See, truth is, that I knew our relationship was close to an end, it had been almost a year since we had agreed on staying together out of mere convenience, a show for the public to avoid questions and speculations... Even if in the end, by her actions, our plan had proven to be in vain.

That doesn't sound too nice, does it? But well... that was the tale.


When photos of her and a random guy came out, everyone was quick to message, call, and question me about it.  From her end? Incessant visits at home. She cried, yelled and sobbed, but after choosing to take everything with a grain of salt and trying to see the positives. I figured it was a perfect way out of that insipid relationship, so I took the cue and broke ties with her.  Don't get me wrong, everything sounds easy when put into words, but in reality, everything had taken a real toll on me. I was hurt, I was mad, but the one good thing was... I was finally putting myself first.  

I felt at peace without her, calm and comfortable behind closed doors, but having to experience all the rumors, and online criticism every time I stepped a foot outside had me fed up. And, after today's race, I was not in the mood for Oscar to show me another fan page talking mere nonsense about what they thought had happened.

I walked off from the VIP area, and headed to the bathroom, my eyesight already a little blurry from all the drinks I've had, but I could still hide my drunkenness pretty well. I stood in the restroom for a while, lost in front of the mirror, contemplating the beads of sweat falling from my forehead from the excruciatingly warm atmosphere caused by the crowd inside the bar.

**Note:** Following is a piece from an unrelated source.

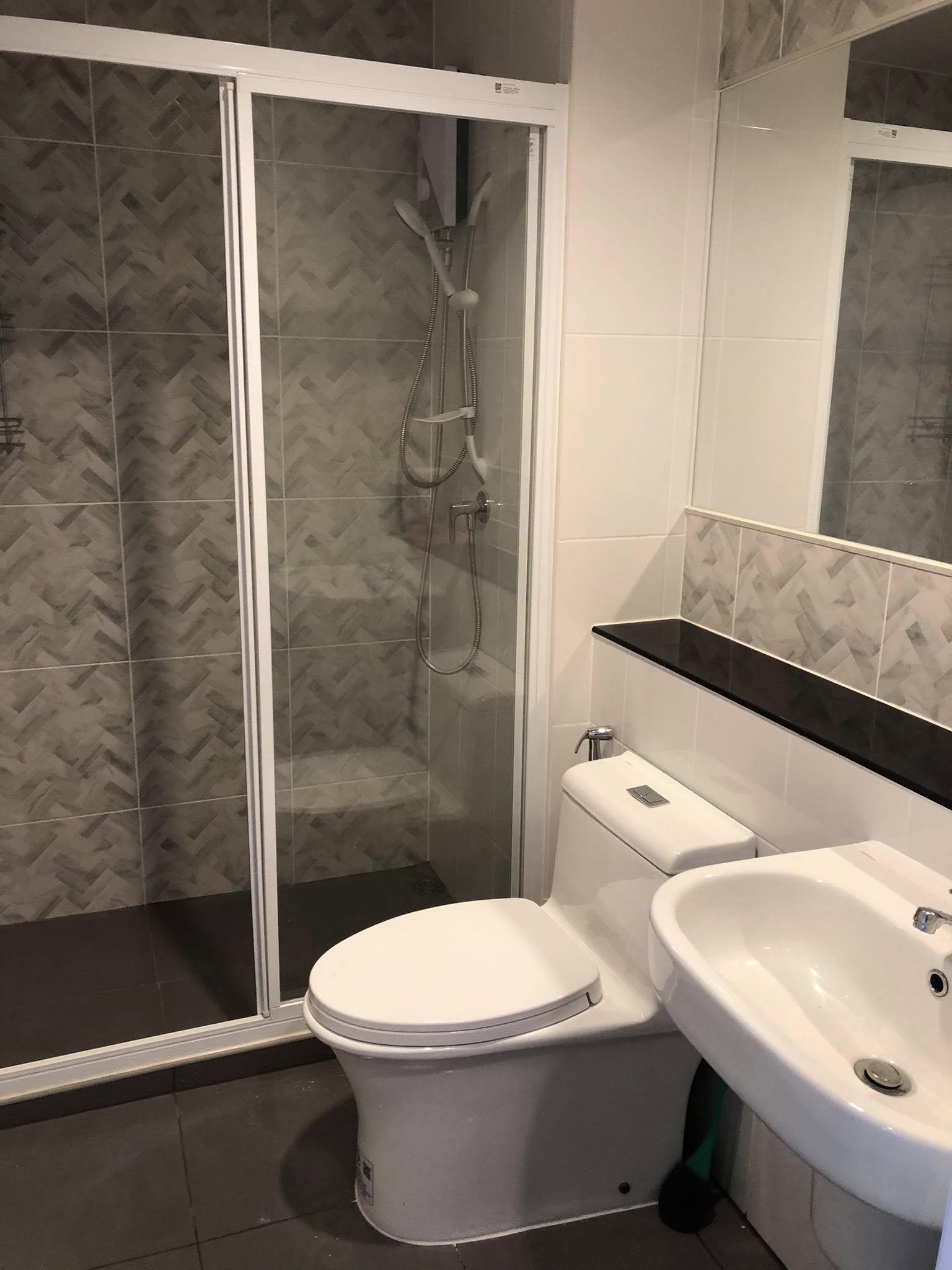 ให้เช่าคอนโด Regent home bangna (รีเจ้นท์ โฮม บางนา) 1ห้องนอน / 1ห้องน้ำ ขนาด 28 ตรม. ชั้น 5 ตึก D ค่าเช่า 9,500 ต่อเดือน รถไฟฟ้าBTSบางนา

-My bed sounds really comfortable right now- I thought to myself

Determined to leave, I made my way back into the bar, with loud music playing in the background, I paced my way around overly distracted on my phone, when a loud bang and a cold sensation brought me back to reality.


"Shit!" I said out loud, throwing my hands up as I felt my shirt get wet and saw a shadow standing in front of me. "I'm sorry! I didn't see you there" I said sincerely. She was short in stature, that was the most I could decipher with the darkness surrounding us.